### Entries shown:
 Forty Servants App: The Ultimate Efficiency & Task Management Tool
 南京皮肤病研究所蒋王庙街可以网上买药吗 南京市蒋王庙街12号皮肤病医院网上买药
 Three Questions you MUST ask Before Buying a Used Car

* * *

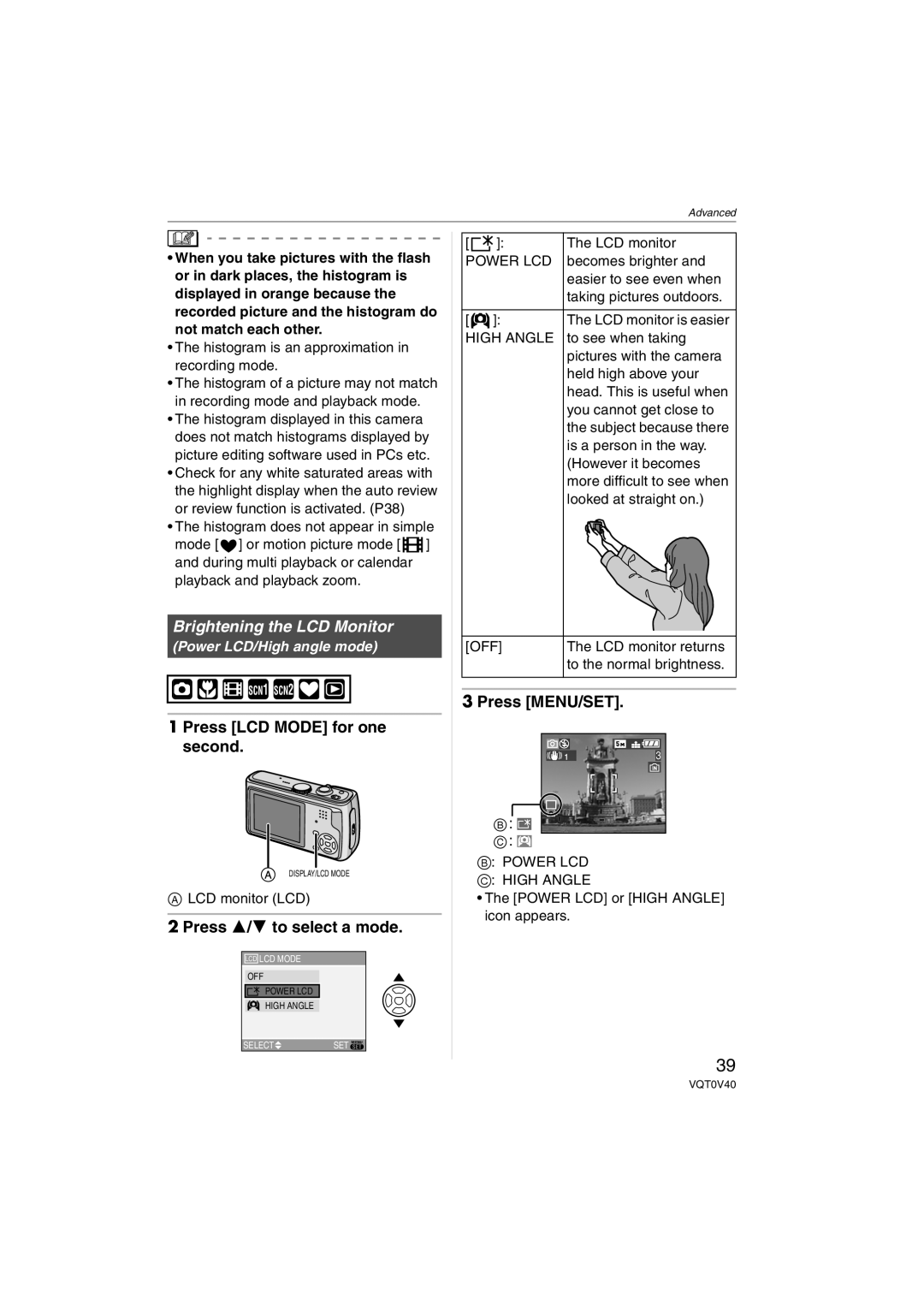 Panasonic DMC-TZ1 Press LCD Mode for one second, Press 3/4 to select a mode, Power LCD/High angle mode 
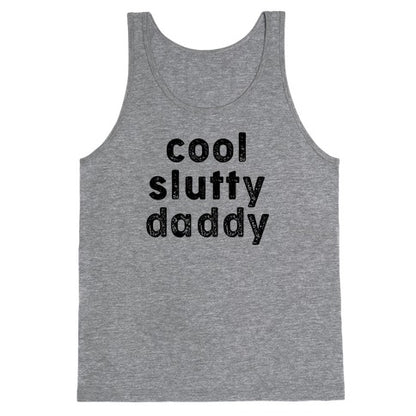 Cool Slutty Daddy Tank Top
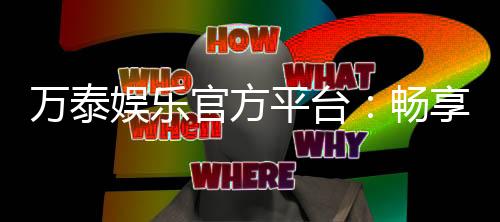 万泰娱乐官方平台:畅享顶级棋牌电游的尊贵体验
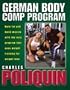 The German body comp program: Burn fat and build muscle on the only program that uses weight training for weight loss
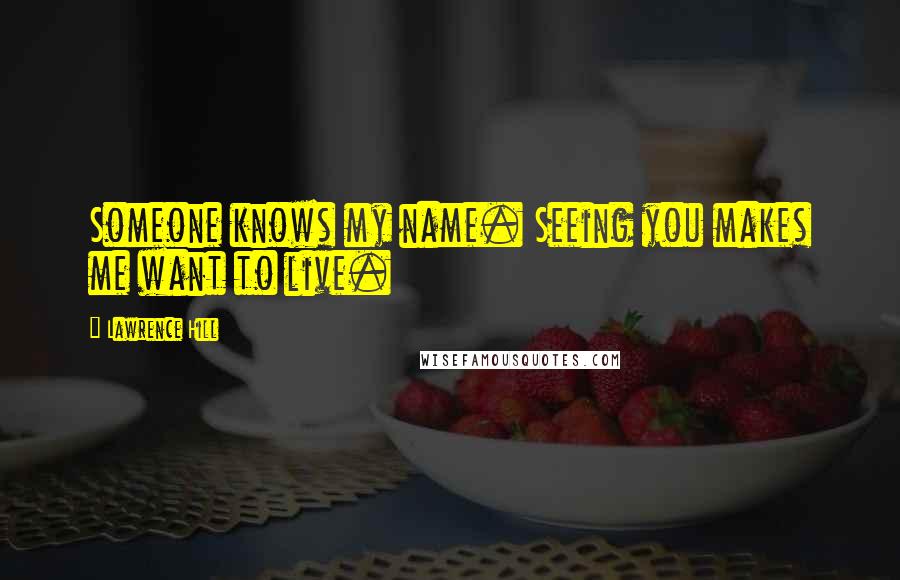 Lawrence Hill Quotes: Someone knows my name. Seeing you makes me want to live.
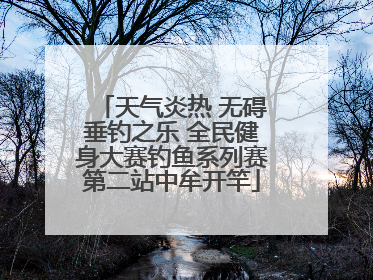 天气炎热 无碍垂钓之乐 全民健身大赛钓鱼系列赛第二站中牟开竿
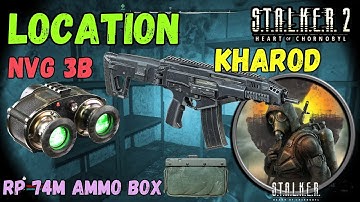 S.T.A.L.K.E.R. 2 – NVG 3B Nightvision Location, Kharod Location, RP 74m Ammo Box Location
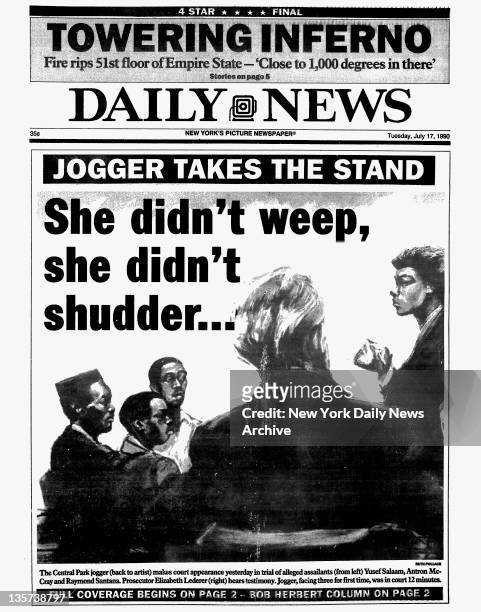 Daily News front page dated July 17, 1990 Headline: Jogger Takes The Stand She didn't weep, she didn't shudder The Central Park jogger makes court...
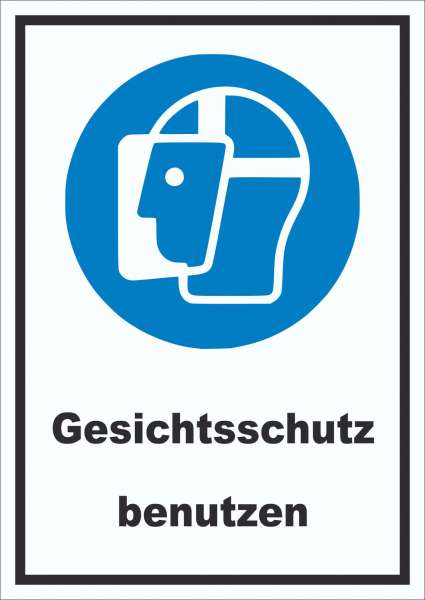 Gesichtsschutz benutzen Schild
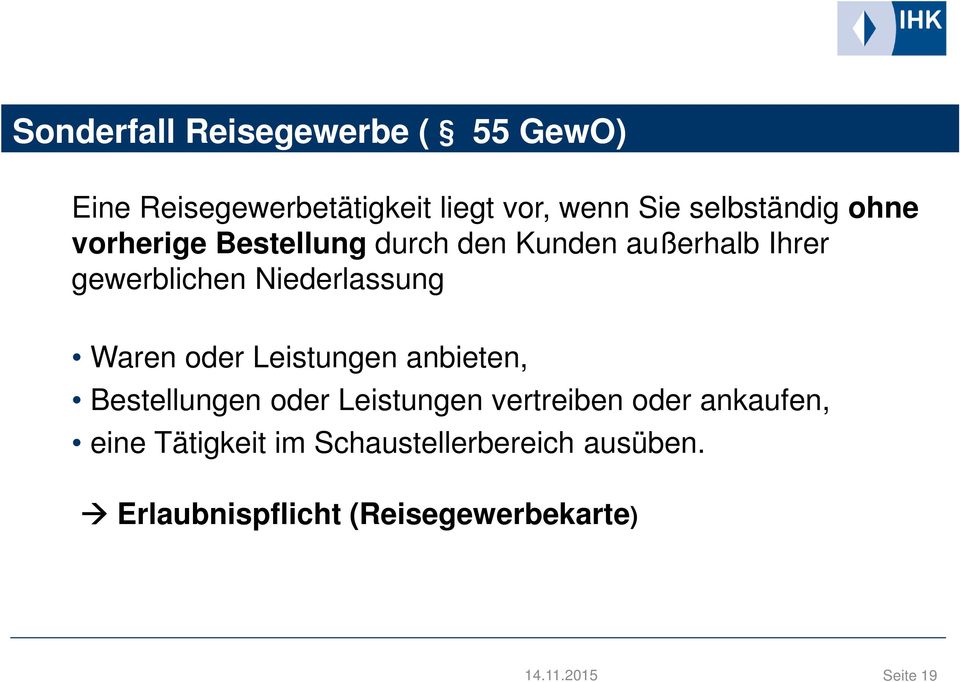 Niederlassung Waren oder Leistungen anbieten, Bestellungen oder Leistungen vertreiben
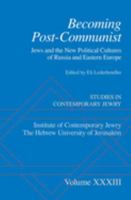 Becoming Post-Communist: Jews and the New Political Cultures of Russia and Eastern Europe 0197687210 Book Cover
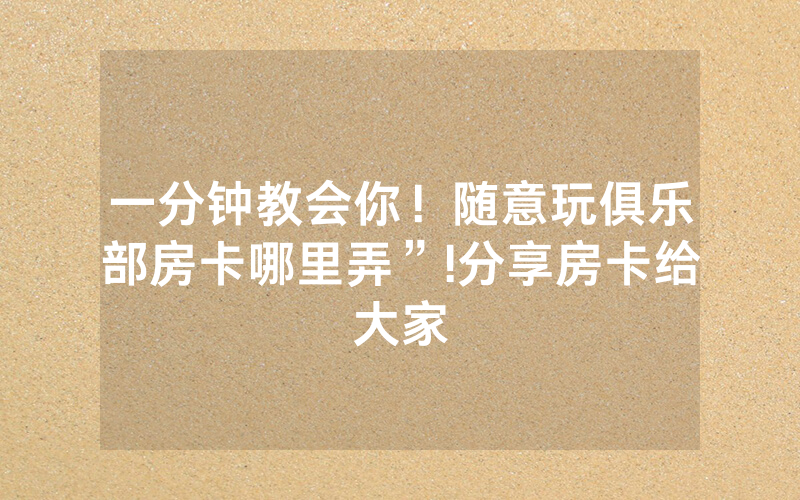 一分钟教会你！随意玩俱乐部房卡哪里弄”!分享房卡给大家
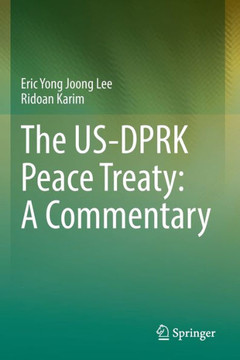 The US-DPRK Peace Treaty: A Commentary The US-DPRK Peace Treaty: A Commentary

* * *

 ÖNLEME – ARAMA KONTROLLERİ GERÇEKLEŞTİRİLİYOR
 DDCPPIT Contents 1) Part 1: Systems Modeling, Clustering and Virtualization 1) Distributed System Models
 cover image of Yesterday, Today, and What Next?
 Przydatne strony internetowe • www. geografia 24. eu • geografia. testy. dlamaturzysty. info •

### What you are asked to do:
The answer must be the part of the records that opens with the line containing "天气炎热 无碍垂钓之乐 全民健身大赛钓鱼系列赛第二站中牟开竿" and closes with the line containing "Gesichtsschutz benutzen Schild", reproduced exactly, with no pictures.

### Task answer:
 天气炎热 无碍垂钓之乐 全民健身大赛钓鱼系列赛第二站中牟开竿
 S.T.A.L.K.E.R. 2 – NVG 3B Nightvision Location, Kharod Location, RP 74m Ammo Box Location
 Daily News front page dated July 17, 1990 Headline: Jogger Takes The Stand She didn't weep, she didn't shudder The Central Park jogger makes court...
 Gesichtsschutz benutzen Schild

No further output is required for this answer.